==== Exercise data ====

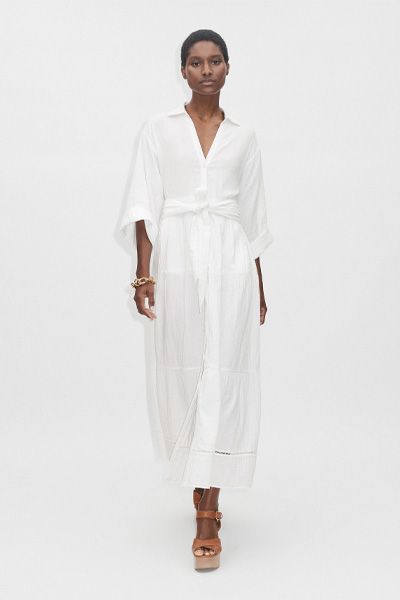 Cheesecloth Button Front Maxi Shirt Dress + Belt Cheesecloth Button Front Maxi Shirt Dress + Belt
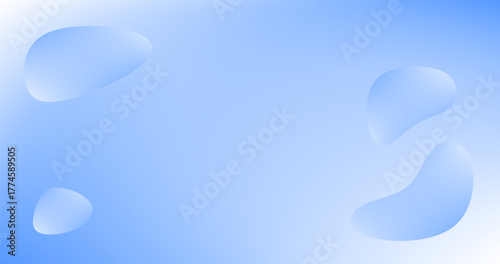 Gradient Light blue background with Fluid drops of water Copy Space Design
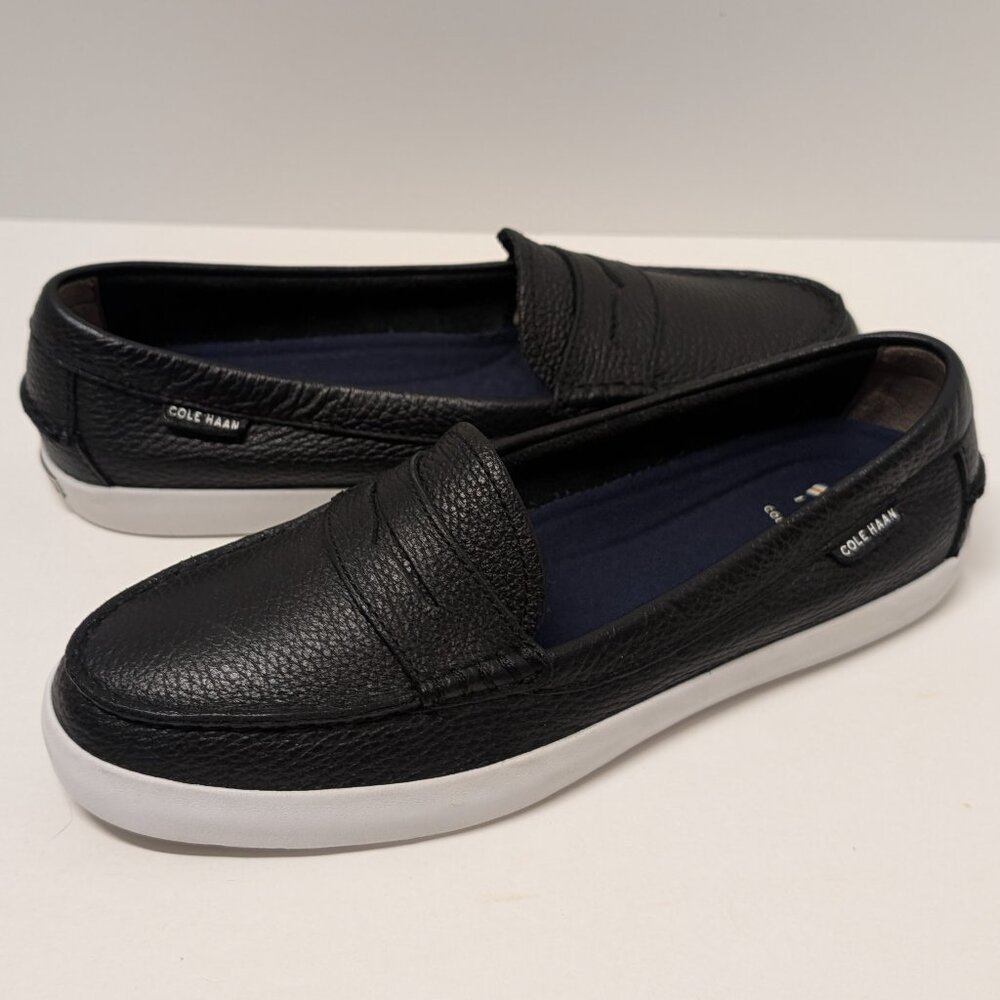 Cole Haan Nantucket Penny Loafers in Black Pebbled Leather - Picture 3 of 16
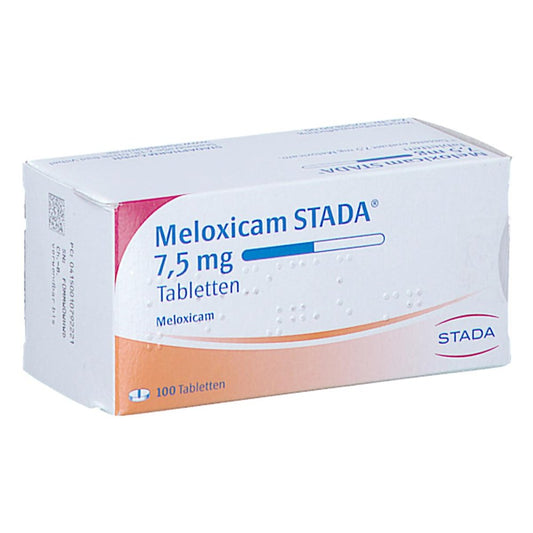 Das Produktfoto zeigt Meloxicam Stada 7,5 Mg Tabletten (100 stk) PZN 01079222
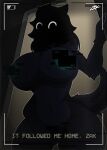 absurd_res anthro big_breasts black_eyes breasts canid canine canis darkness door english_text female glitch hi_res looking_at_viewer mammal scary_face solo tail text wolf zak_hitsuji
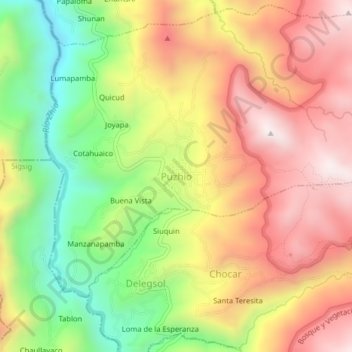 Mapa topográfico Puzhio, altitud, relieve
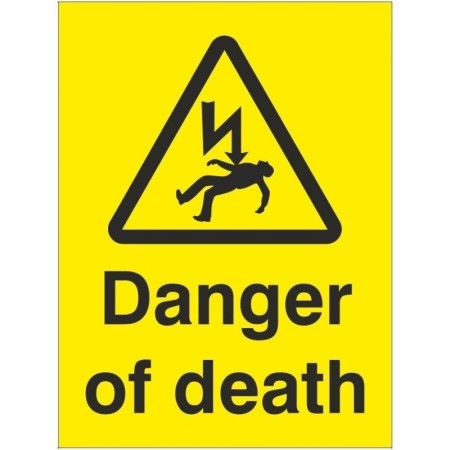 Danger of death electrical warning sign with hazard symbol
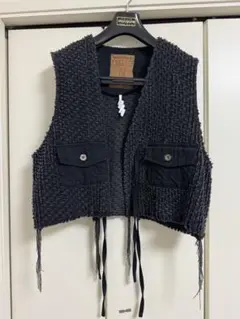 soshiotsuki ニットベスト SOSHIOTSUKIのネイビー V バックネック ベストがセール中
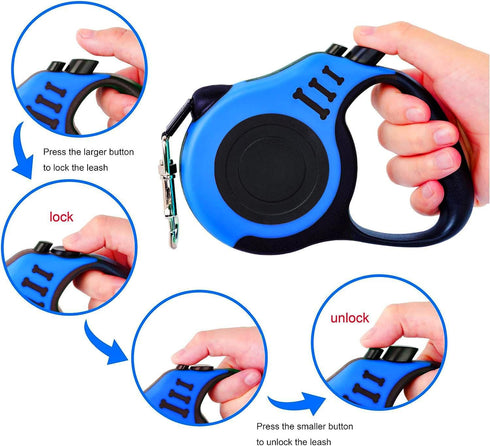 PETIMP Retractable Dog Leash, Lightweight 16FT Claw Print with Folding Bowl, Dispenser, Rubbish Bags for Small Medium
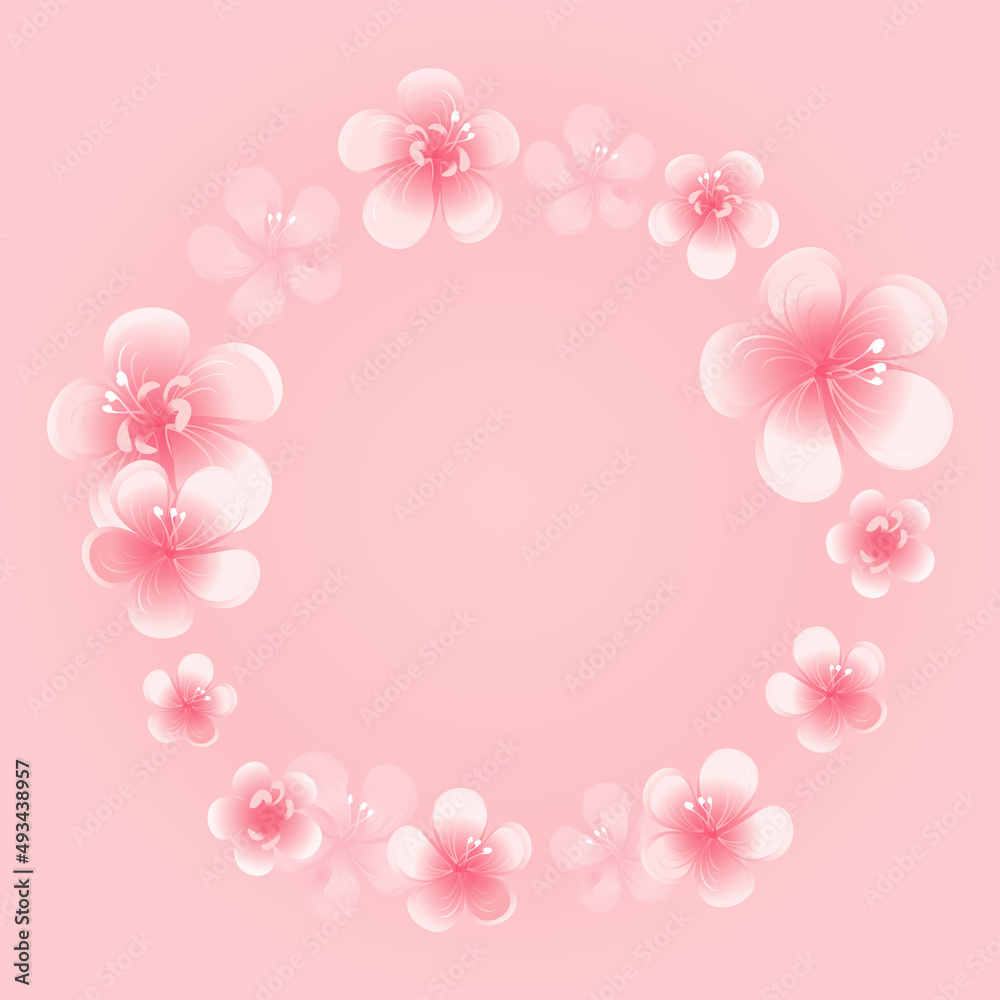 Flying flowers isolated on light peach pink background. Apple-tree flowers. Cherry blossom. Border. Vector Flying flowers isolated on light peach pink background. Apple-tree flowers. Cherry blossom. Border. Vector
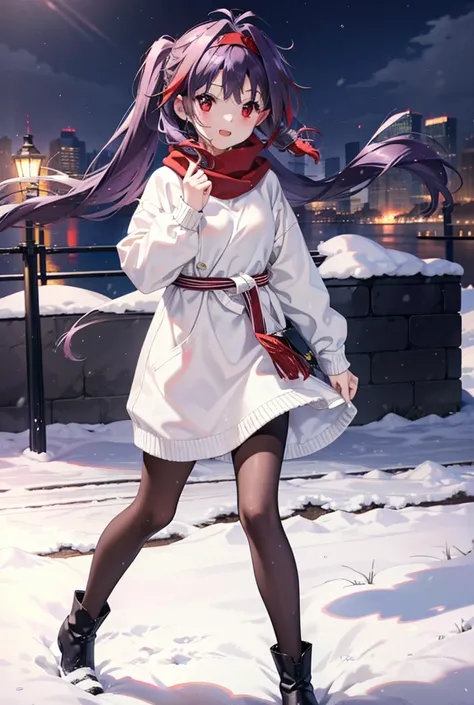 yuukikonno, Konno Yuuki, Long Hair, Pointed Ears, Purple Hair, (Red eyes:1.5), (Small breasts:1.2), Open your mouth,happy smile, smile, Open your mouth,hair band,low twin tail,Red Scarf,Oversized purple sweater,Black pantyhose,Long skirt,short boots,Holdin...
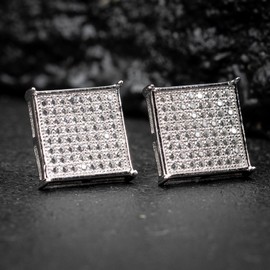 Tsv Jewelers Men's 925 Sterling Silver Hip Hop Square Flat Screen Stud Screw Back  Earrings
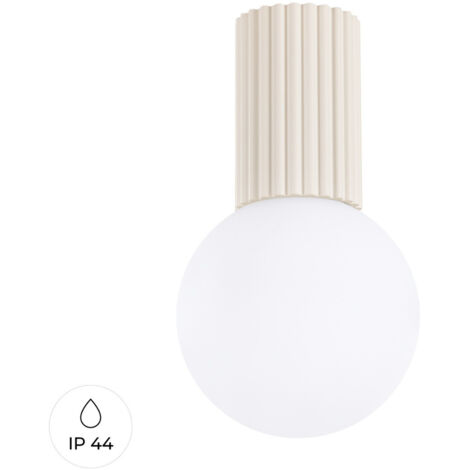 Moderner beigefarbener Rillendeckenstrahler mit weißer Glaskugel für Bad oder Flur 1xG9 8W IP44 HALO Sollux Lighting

====
==== Exercise data ====

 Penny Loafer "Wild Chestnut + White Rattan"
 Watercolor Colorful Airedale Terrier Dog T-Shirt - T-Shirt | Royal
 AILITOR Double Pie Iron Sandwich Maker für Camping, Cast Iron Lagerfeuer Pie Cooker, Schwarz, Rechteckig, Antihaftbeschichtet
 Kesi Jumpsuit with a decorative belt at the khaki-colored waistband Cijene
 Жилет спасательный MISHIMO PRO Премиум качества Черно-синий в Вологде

====

■ Task item ■
Copy word for word the lines of the records above from the one with "absurd_res anthro big_breasts" up to and including the one with "soshiotsuki ニットベスト SOSHIOTSUKIのネイビー". Skip the pictures.

■ Reply ■
 absurd_res anthro big_breasts black_eyes breasts canid canine canis darkness door english_text female glitch hi_res looking_at_viewer mammal scary_face solo tail text wolf zak_hitsuji
 Mapa topográfico Puzhio, altitud, relieve
 Danger of death electrical warning sign with hazard symbol
 soshiotsuki ニットベスト SOSHIOTSUKIのネイビー V バックネック ベストがセール中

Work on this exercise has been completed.